The Sydney Morning Herald

The Future Looks Primitive

Source: The Sydney Morning Herald

Text: Darren Levin

Published: June 3rd, 2011

"SOMEONE from the label picked us up from the airport." This is Craig Nicholls's punchline to a joke I inadvertently start when I ask him what brings Sydney's the Vines to Melbourne.

"Every chance I get at a joke like that, I can't resist it," he smiles, taking another swig from a can of Coke. Gracious, funny and self-deprecating - this is the supposed enfant terrible of Australia's music scene on a good day.

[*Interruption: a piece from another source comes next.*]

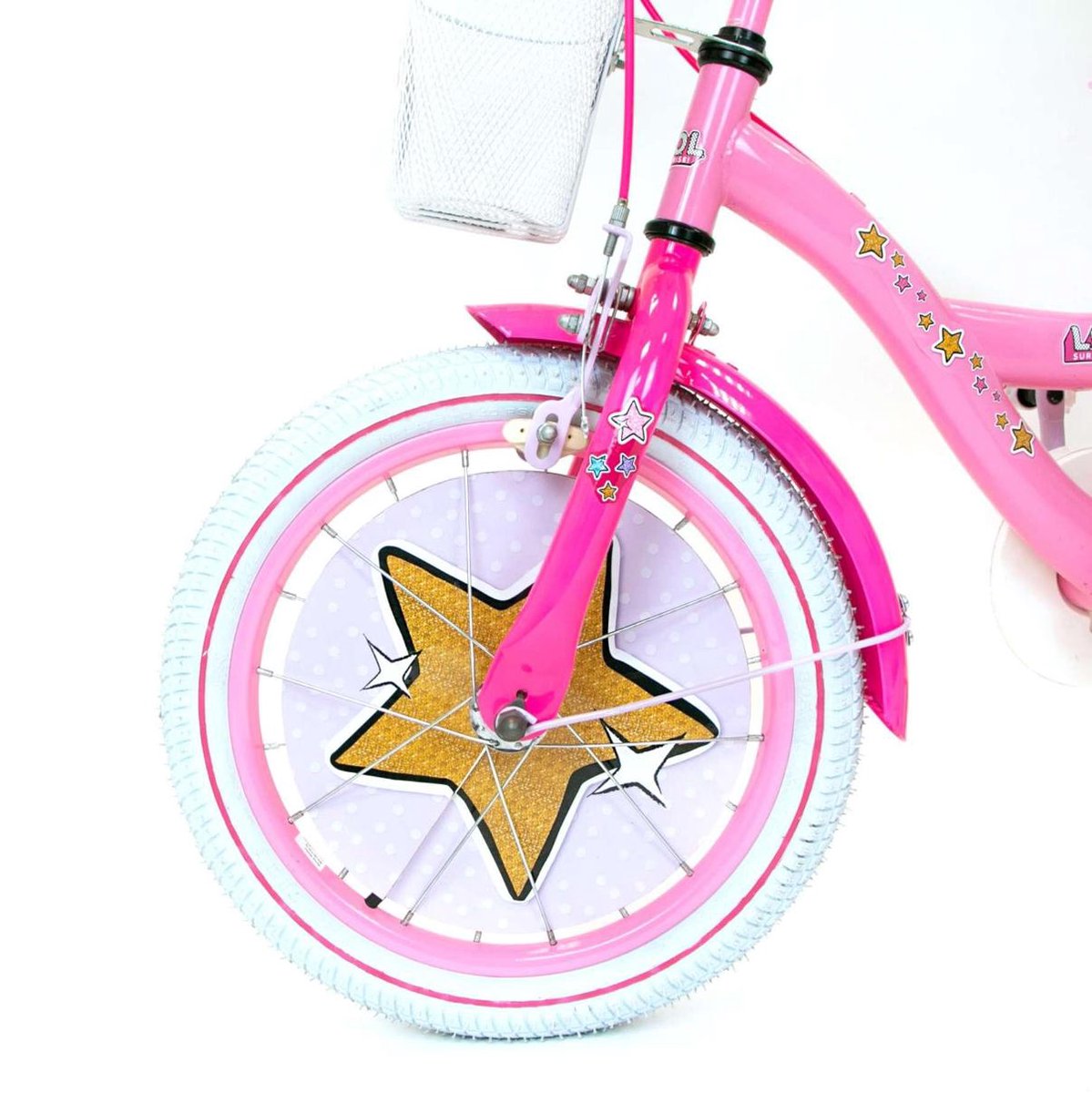 Vélo pour enfants LOL Surprise - Filles - 16 pouces - Rose - 2 freins à  main | bol.com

It's 11am and Nicholls and a bandmate, Brad Heald, are sitting in a plush interview room in the South Melbourne offices of Sony, the band's new label. (Their last album, 2008's Melodia, came out through Ivy League, while their early years were spent on Capitol.) Nicholls is wearing a Blur T-shirt and women's sunglasses, his scarf wrapped around his head like a beanie. Heald, the Vines's second bassist - he joined the band in 2006 following Patrick Matthews's departure - sits cross-legged on the floor across from him. He's looking every bit the Cronulla native: black stovepipes, a blue-knit jumper and a beanie (a real one) concealing his beach-blond locks. The pair are showing off a swag of CDs, a gift from their current suitors. "These two I don't know so much," Nicholls says, pointing to albums by Manchester Orchestra and Cage the Elephant, "but I gotta assume they've got something going on."

I'm playing a bit of show-and-tell today, too. I've brought in a copy of a Vines demo I picked up from a You Am I gig in 2001. Recorded that year on a four-track in a Sydney rehearsal room, it's garage-y and psychedelic and similar to the band's new album Future Primitive. I'm hoping it'll spark something in the notoriously cagey Nicholls. It does.

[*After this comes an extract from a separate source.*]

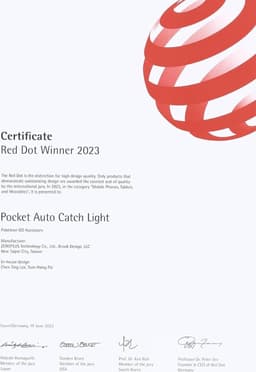 Brook Pocket Auto Catch Light Keychain — thumbnail 2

"That reminds me of the first tour just before going to America and making the album," he says, beaming.

"The first song off it is Factory. That actually got released as a single. [British label] XL put it out on vinyl. That got Single of the Week in NME. We were in LA when we heard about that."

Heald has a copy, too. "I got that from one of the shows. It was one of the first live shows I went to when I just turned 18. I've held on to that ever since."

Conceived as Rishikesh by Nicholls and Matthews in a Hurstville McDonald's in 1994, the Vines spent their early years very much under the radar in Sydney, before XL's release of Factory sparked a love-hate relationship with the international press. Along with Melbourne's Jet, and later Wolfmother, the Vines were part of a three-pronged Australian rock invasion unseen since Men at Work, Midnight Oil and INXS in the '80s.

"I didn't know too much about NME when we first started," Nicholls says, "but I definitely learnt a lot more about it after that. We got to be on the cover a bunch of times. We got to do interviews. That helped build interest in us, I think."

However, around the time of Melodia,NME issued an apology to readers, saying the Vines were "never the saviours of rock'n'roll we said they'd be".

How did Nicholls feel when the British music press turned on his band? "Well, I heard they did that," he says of NME, "but they do that with everyone, I think. They can be very opinionated but it's alright. I think there's a place for them."

Soon after Melodia's release, the Vines were forced to cancel festival appearances, as well as a Japanese tour, when Nicholls's mental condition deteriorated. He was diagnosed with Asperger syndrome, a type of high-functioning autism, in 2004, and the combination of his illness and the rigours of the road nearly derailed the band. While people may have written the Vines off, Nicholls, now 33, never stopped writing. Of the 13 songs on Future Primitive, there were 40 more that didn't make the cut. "I just write songs," he says. "That's what I do. That's what I love doing. To get away from that, to kinda relax as a hobby, I write songs to keep for myself."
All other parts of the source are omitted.